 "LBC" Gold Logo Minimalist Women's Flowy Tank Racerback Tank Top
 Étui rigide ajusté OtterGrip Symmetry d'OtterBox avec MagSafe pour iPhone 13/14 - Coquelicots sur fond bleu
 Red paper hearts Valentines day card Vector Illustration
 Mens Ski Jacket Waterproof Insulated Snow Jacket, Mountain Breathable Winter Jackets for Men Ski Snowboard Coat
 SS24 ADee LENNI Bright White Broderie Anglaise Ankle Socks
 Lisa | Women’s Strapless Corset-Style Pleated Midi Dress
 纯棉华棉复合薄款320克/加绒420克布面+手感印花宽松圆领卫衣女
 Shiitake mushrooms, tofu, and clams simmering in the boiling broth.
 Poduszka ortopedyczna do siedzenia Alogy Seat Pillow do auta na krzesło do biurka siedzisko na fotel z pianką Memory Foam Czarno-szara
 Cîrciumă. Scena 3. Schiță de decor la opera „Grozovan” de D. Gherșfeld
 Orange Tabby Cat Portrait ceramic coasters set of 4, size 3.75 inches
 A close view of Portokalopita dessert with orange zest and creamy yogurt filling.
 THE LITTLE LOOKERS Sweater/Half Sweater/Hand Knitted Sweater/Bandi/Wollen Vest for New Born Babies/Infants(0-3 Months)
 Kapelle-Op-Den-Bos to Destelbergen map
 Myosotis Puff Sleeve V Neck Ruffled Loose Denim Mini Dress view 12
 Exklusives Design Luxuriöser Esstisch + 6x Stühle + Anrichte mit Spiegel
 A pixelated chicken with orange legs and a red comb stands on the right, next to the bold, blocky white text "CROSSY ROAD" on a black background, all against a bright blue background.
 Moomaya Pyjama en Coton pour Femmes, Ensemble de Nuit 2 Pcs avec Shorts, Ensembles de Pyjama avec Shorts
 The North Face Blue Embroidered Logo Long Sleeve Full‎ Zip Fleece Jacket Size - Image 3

-=-=-

# [What you will do]
As the answer, set down only the lines from the data above between the one holding "THE LITTLE LOOKERS" and the one holding "Exklusives Design Luxuriöser", inclusive, exactly as they read.

# [Task answer]
 THE LITTLE LOOKERS Sweater/Half Sweater/Hand Knitted Sweater/Bandi/Wollen Vest for New Born Babies/Infants(0-3 Months)
 Kapelle-Op-Den-Bos to Destelbergen map
 Myosotis Puff Sleeve V Neck Ruffled Loose Denim Mini Dress view 12
 Exklusives Design Luxuriöser Esstisch + 6x Stühle + Anrichte mit Spiegel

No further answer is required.